# Fiance Ex Keeps Changing Schedule - Advice Needed



## toughparentomaha (Feb 24, 2012)

Background: My fiance's visitation is set-up as the children are to be at his home before and after school every day, every Wed overnight on his non-weekends, Wed from 5-8pm on his weekends and then Thursday - Sunday at 6pm. It's a stupid schedule the judge set-up. Because ex moved across street from boys high school, fiance & ex compromised and kids started staying at our home every Wednesday overnight and Sundays overnight on his weekend to avoid driving to our house then back to school. 

Now that summer vacation has started, she has demanded to go back to the original visitation schedule (2 years later), much to the kids dismay.

The kids (ages 17, 15, & 13) are so tired of being stuck in the middle of these games, but are too afraid of their mom to speak up. She punishes them and makes them feel guilty for wanting to be at our home. She'll start crying saying the kids like me more than them. Its a very sad situation for these kids.

Ex has also started having her dad and her fiance do the "fatherly" things with the boys - shaving lessons, getting permits & licenses, working on 17 year old's car etc. instead of letting them do it with their dad as they ask her to do. She states that "Grandpa will be very sad if he can't do that with you." So the kids go along with it because they hate to feel guilty.

My fiance is just broken up about all this. He loves his time with his kids and wishes he could have more, but has accepted this situation as it was less stressful on the kids than to keep fighting in Court. It's been 5 years since the divorce started and 2 since it was finalized. 

Does anyone have any advice on how to deal with this? It breaks my heart to watch my fiance crying at night because his kids are forced to choose against being with him, and are forced to do these things with their Grandpa & future step-dad instead of being allowed to do it with their dad. I am frustrated because he doesn't know how to deal with this betrayal anymore than he knew how to deal with her betrayal when she cheated on him and left him 5 years ago. 

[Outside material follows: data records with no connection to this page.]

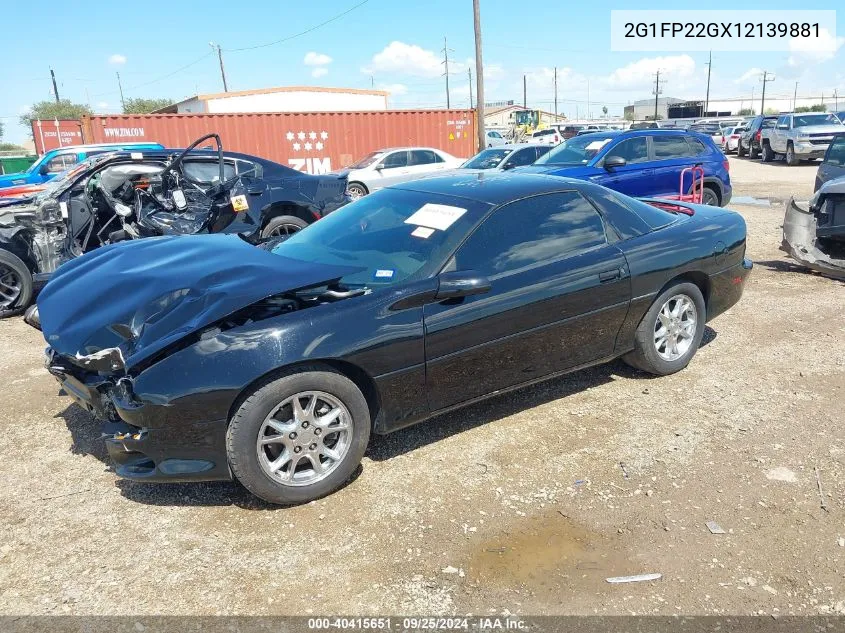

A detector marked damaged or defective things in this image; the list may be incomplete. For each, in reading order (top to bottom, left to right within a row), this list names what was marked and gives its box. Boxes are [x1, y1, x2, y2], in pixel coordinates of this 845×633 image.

damaged hood [37, 233, 360, 370]
crumpled front end [780, 195, 844, 278] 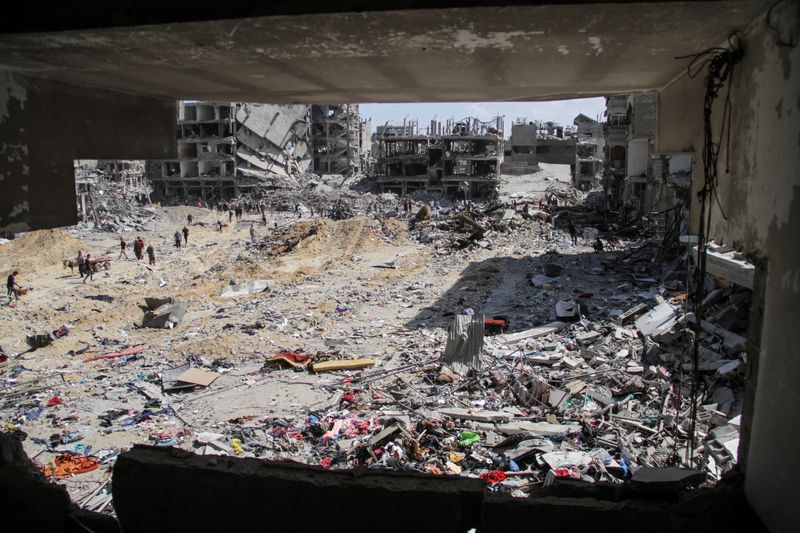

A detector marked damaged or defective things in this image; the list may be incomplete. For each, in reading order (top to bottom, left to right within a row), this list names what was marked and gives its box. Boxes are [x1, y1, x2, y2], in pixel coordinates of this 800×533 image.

peeling plaster wall [0, 72, 177, 233]
damaged concrete wall [0, 71, 177, 234]
damaged concrete wall [656, 9, 800, 532]
peeling plaster wall [660, 9, 796, 532] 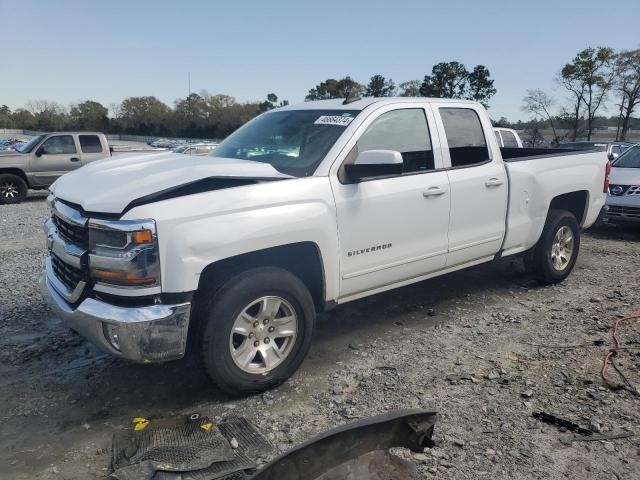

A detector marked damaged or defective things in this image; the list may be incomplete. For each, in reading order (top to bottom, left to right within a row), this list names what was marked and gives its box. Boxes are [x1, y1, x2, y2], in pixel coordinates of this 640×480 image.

damaged front bumper [38, 272, 190, 362]
cracked bumper [38, 272, 190, 362] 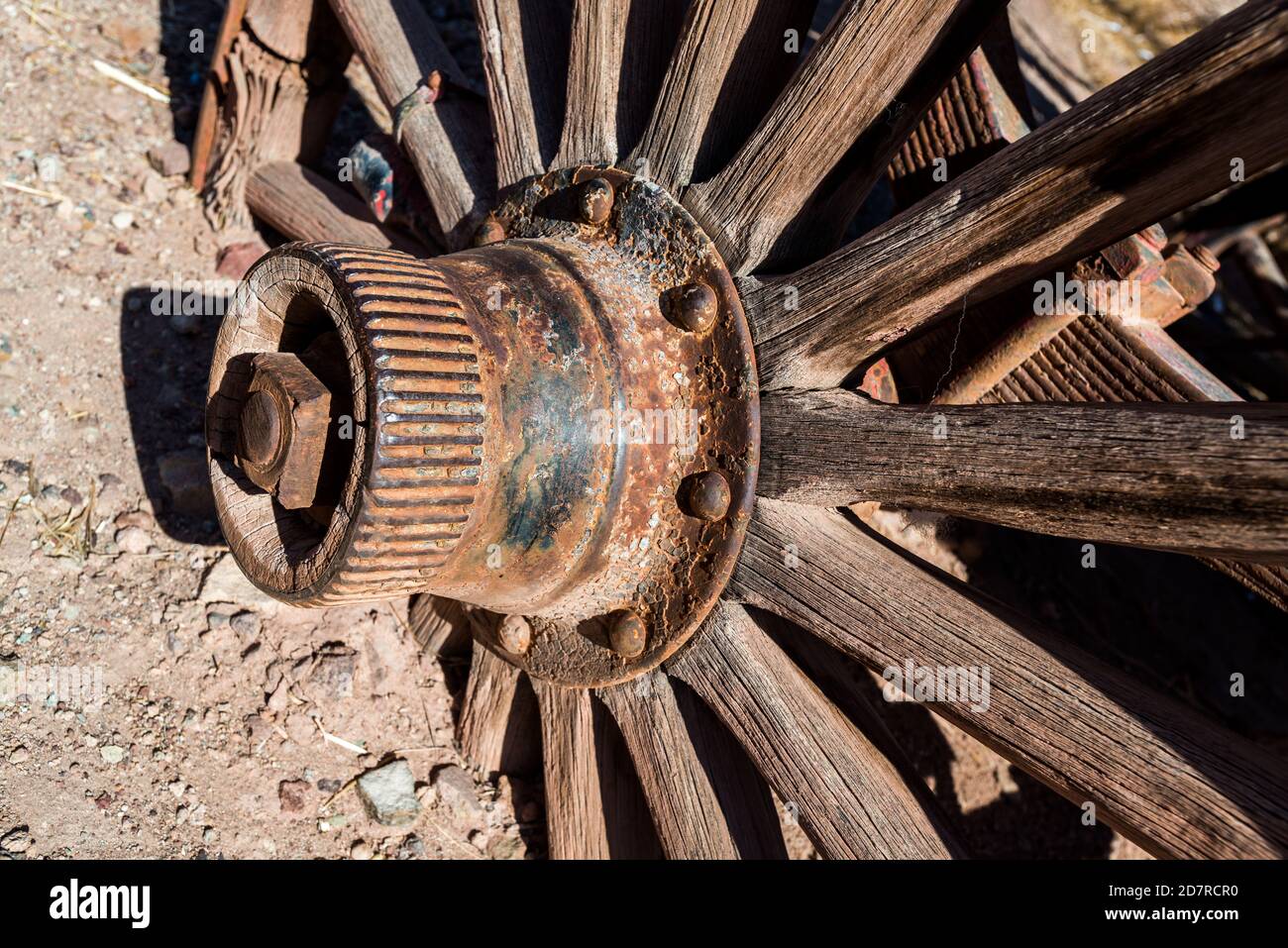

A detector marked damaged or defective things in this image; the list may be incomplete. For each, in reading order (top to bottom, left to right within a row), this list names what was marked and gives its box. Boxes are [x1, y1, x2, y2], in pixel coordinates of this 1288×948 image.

rusty metal hub [206, 164, 757, 680]
rusted hub flange [206, 165, 757, 685] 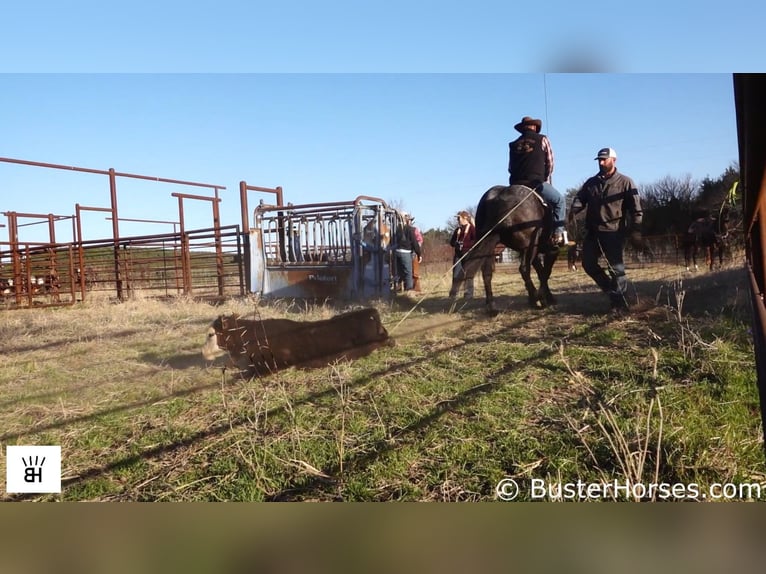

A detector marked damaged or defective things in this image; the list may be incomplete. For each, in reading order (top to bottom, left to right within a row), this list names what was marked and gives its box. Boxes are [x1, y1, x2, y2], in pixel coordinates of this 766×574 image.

rusty metal gate [252, 197, 402, 300] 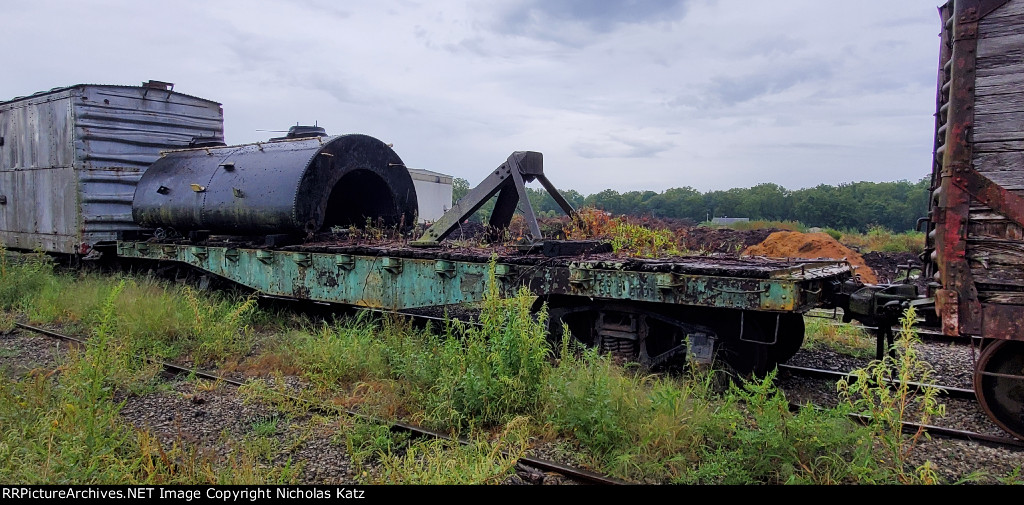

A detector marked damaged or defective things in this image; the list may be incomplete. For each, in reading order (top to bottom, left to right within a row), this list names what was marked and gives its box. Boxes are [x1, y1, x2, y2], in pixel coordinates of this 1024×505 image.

He is a much more effective parent than when we first met. he was the "fun" guy then. Now there are boundaries and rules, which the kids have really responded well to. I don't know - it's just so hard!!!


----------



## DanF (Sep 27, 2010)

If it is court ordered, then there is nothing he can do except take her back to court over it.


----------



## toughparentomaha (Feb 24, 2012)

I understand that Court is probably where this is headed. I just wish she could learn to co-parent as is "court-ordered". She is adamant about pushing the items in the decree that suit her needs, but completely ignores those like JOINT LEGAL CUSTODY that do not. She has never consulted with him on a single thing regarding the kids, she just arbitrarily makes decisions and tells him about it.


----------



## lamaga (May 8, 2012)

My H's ex does the same thing regarding manipulating the kids through emotion -- because she throws fits and makes them unhappy, my H just caves into her, no matter how unreasonable the demand.

Alas, they are not my children, so I've had to disengage a little bit. You can't really control this, only your husband can. And if the arrangement is court-ordered, then he cannot even control that.

Fortunately they are getting old enough to have a voice, so perhaps he can work on empowering them to say "no" when they need to?

Not an easy spot, I agree. I feel for you.


----------